• Problem to solve:
Look through the records below, and copy out every line that holds the string "Profile".

• Records supplied:

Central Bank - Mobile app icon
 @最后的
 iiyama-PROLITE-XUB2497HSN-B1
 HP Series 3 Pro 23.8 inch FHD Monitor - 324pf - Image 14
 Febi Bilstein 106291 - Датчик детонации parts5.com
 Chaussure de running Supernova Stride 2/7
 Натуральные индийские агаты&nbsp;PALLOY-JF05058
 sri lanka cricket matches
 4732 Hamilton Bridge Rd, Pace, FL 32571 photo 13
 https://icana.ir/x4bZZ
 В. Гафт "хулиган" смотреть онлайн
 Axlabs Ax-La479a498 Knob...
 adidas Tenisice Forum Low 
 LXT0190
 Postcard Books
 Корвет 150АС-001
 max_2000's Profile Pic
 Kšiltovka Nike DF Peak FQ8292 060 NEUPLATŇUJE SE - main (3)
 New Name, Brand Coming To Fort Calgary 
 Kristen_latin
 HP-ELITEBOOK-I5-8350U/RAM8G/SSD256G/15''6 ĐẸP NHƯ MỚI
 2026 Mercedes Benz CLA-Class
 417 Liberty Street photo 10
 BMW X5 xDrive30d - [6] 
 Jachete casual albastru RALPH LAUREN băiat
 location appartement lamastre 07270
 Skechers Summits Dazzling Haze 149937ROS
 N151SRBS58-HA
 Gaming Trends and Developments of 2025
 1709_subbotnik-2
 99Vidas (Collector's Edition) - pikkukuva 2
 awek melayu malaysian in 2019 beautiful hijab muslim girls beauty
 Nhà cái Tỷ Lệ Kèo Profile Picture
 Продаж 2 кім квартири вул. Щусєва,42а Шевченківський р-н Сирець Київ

• Output for this exercise:
 max_2000's Profile Pic
 Nhà cái Tỷ Lệ Kèo Profile Picture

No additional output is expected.